→ Data for this exercise:
-------
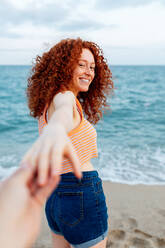 Back view of carefree young female traveler with curly ginger hair holding hand of crop boyfriend on sandy beach washed by blue sea - ADSF31159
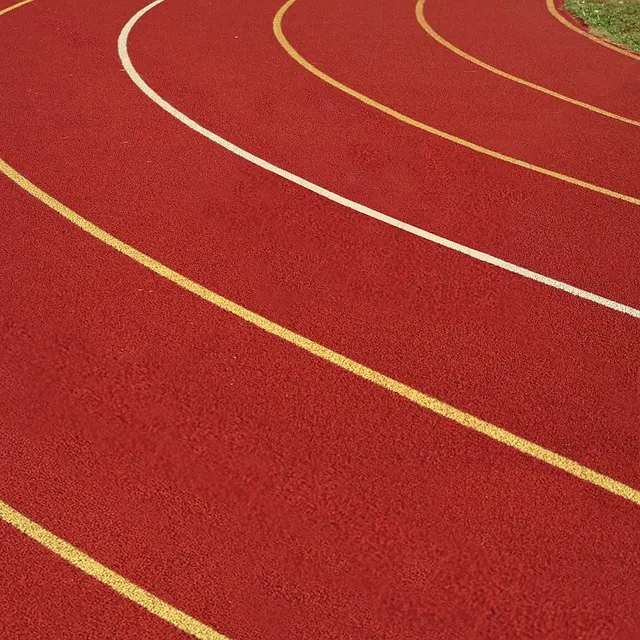 Red running track with white and yellow lane markings.
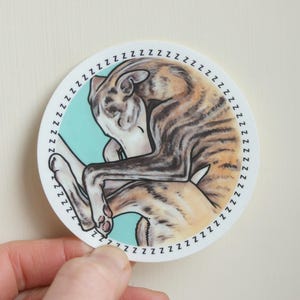 A hand holding up a sleeping Whippet dog sticker against a beige background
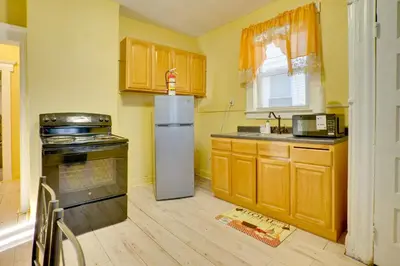 a kitchen with a refrigerator and a stove in it at Easy City Commuting! Walkable Newark Duplex in Newark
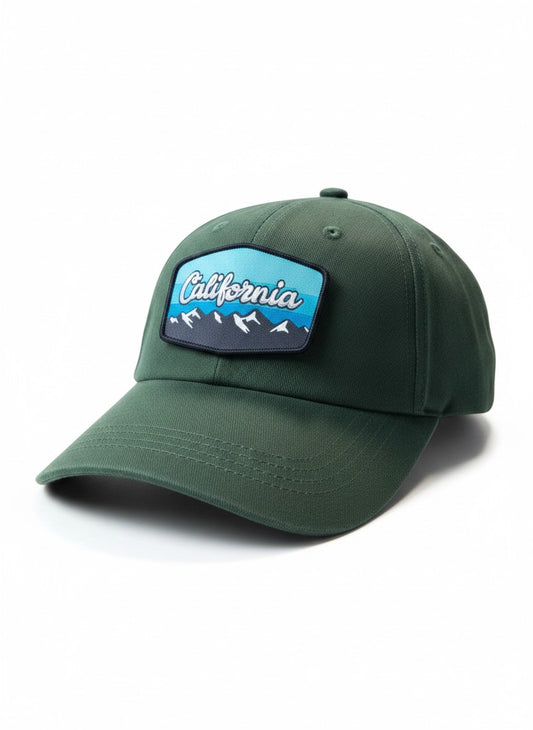 Moove Headwear dark green baseball cap with a woven patch depicting California mountains and trees. Adjustable fit.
-------
→ What you are asked to do: In the entries above, find the line containing "a kitchen with". Transcribe it and every later line to the end, exactly, and leave out the pictures.

→ Solution to this exercise:
 a kitchen with a refrigerator and a stove in it at Easy City Commuting! Walkable Newark Duplex in Newark
 Moove Headwear dark green baseball cap with a woven patch depicting California mountains and trees. Adjustable fit.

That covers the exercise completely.